# Recorded data
=-=-=-=-=

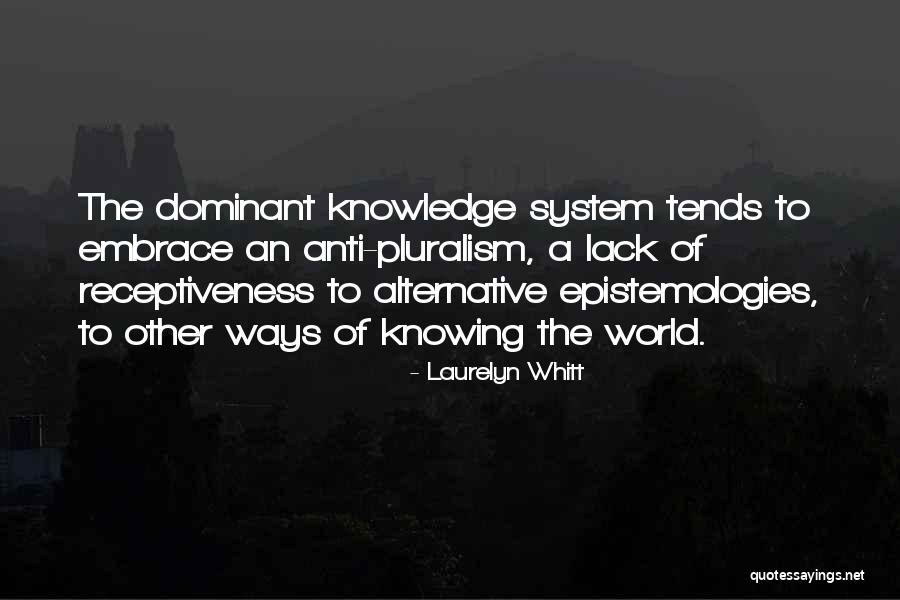 Pluralism Quotes By Laurelyn Whitt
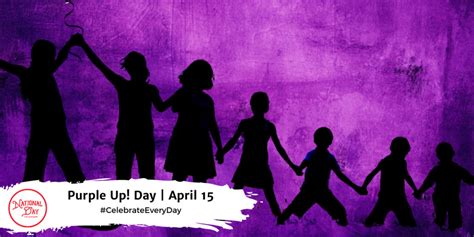 PURPLE UP! DAY - April 15 - National Day Calendar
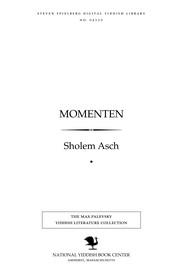 Cover of: Momenṭen by Asch, Sholem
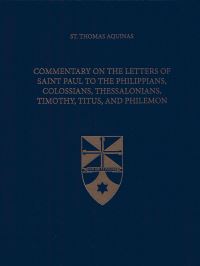 Book Cover for Commentary on the Letters of Saint Paul to the Philippians, Colossians, Thessalonians, Timothy, Titus, and Philemon by Thomas, Fabian R. Larcher, John Mortensen, Enrique Alarcón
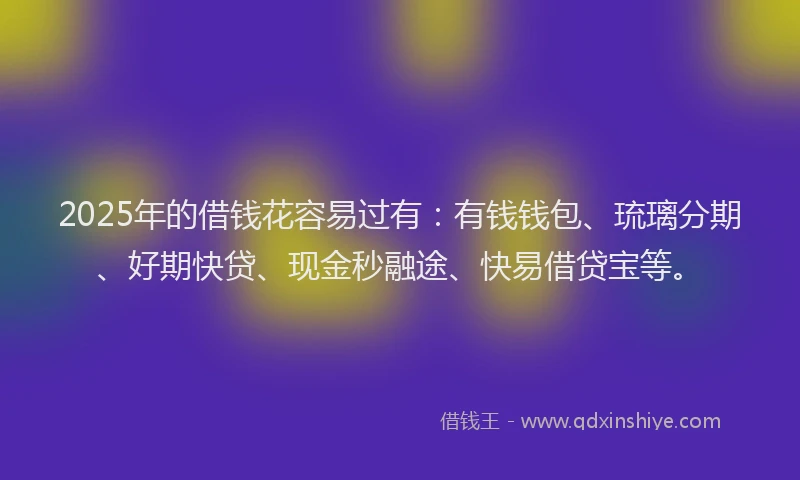 2025年的借钱花容易过有：有钱钱包、琉璃分期、好期快贷、现金秒融途、快易借贷宝等。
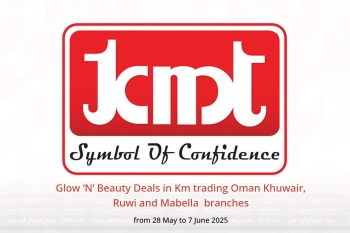 Glow ‘N’ Beauty Deals in Km trading Khuwair, Ruwi and Mabella from 28 May to 7 June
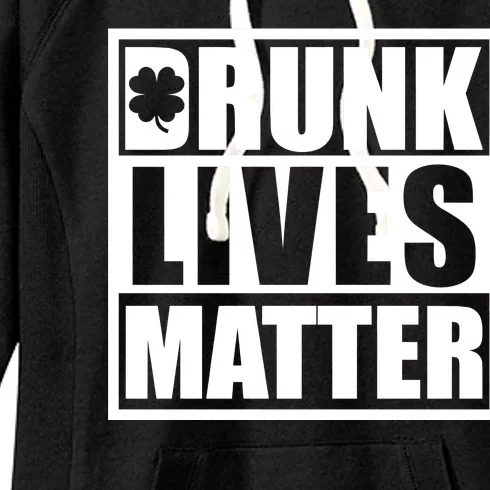 Drunk Lives Matter St. Patrick's Day Funny Saint Pattys Women's Fleece Hoodie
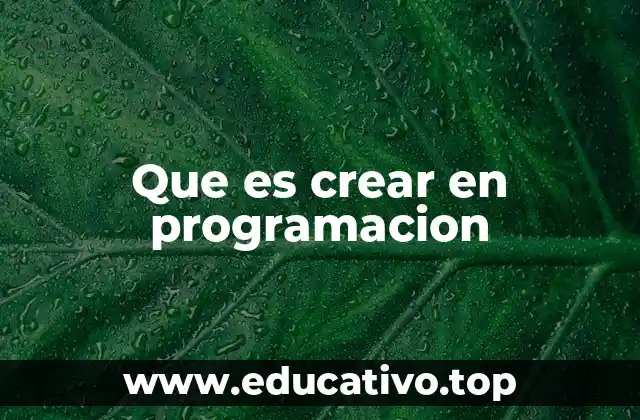 Que es crear en programacion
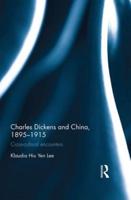 Charles Dickens and China, 1895-1915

=-=-=-=-=

# WORK ORDER
Word for word, set down the lines from the line with "Glow ‘N’ Beauty" through the last line of the entries, and nothing else; the pictures stay out.

# SOLUTION
 Glow ‘N’ Beauty Deals in Km trading Khuwair, Ruwi and Mabella from 28 May to 7 June
 Drunk Lives Matter St. Patrick's Day Funny Saint Pattys Women's Fleece Hoodie
 Que es crear en programacion
 Charles Dickens and China, 1895-1915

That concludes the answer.